- California Gov. Jerry Brown has stated that his state will drive ed reforms around school accountability, instead of following the lead of the U.S. Department of Education.
- Brown held up California's Local Control Funding Formula as a model of success, calling it "a true system of local accountability.”
- EdSource reports that the Local Control Funding Formula legislation has helped the state commit more money in state funds to disadvantaged students than its share of federal Title I dollars earmarked for spending on low-income, ELL, and foster students.
California is apparently ahead of the pack, and districts might want to pay attention to what happens next under the new Every Student Succeeds Act. More than a decade before the ESSA, the Golden State passed the Public School Accountability Act. The 1999 bill called for requiring school districts to publish the test scores of diverse student subgroups, including blacks and Latinos.

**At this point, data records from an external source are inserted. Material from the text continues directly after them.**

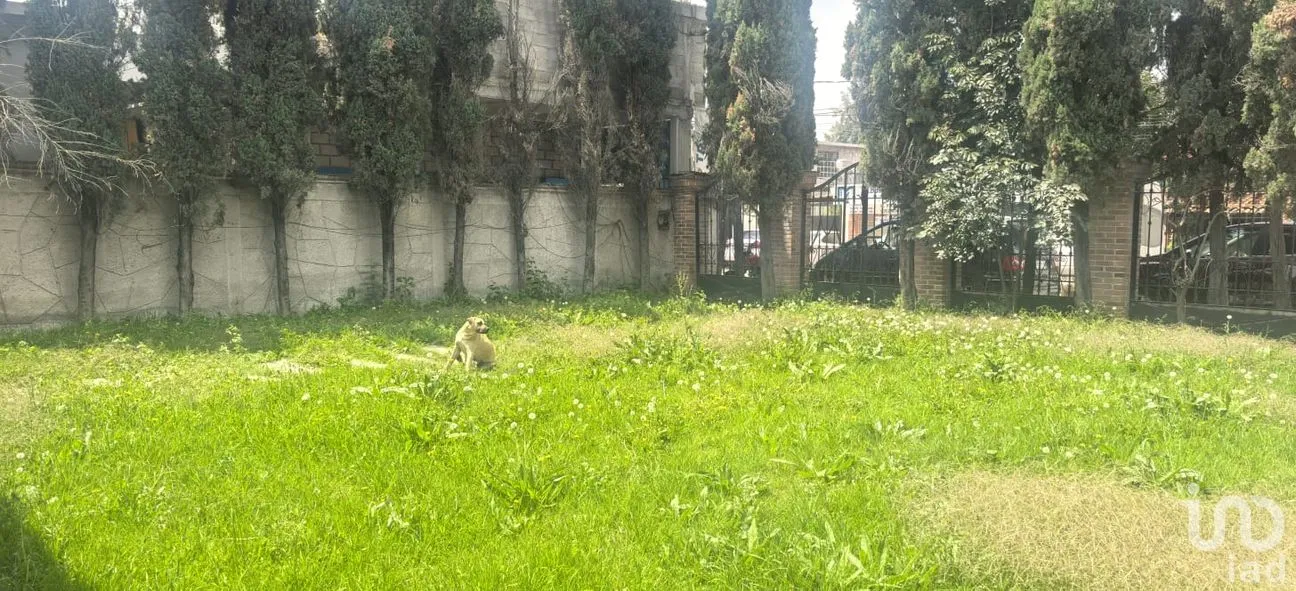 Terreno en Venta en Santiago, Teoloyucan, México | NEX-257281 | iad México | Foto 3 de 24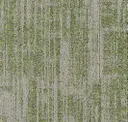 Spear Moss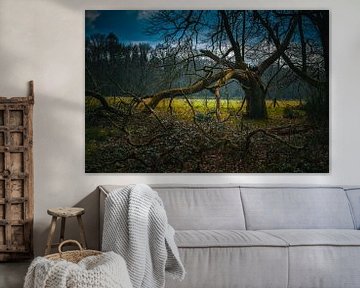 Un arbre creux dans un paysage ancien sur Geert Van Baelen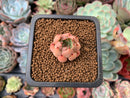 Echeveria 'Primera' 1/2" Very Small Seedling Succulent Plant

Currently, the state is also leading the way when it comes to dismantling the school-to-prison pipeline. A November 2015 survey from UCLA's Civil Rights Project shows that academic success actually tracks with a reduction in suspensions for students, “suggesting that the move away from harsh discipline practices benefited schools,” according to The Huffington Post.
Still, even though California has leapt ahead of other states around accountability, it needs to pay attention to a standardized testing opt-out rate that threatens its share of federal funding.
Dismantling the school-to-prison pipeline and closing the "discipline gap" that plagues minorities in U.S. schools is an ongoing challenge for districts and schools across the nation. Previously, UCLA's “Are We Closing the School Discipline Gap?” found that, out of 3.5 million public school students suspended at least once in 2011-12, 16% of black students had been suspended as opposed to just 5% of whites.
Minority students are also disproportionately suspended in Southern states.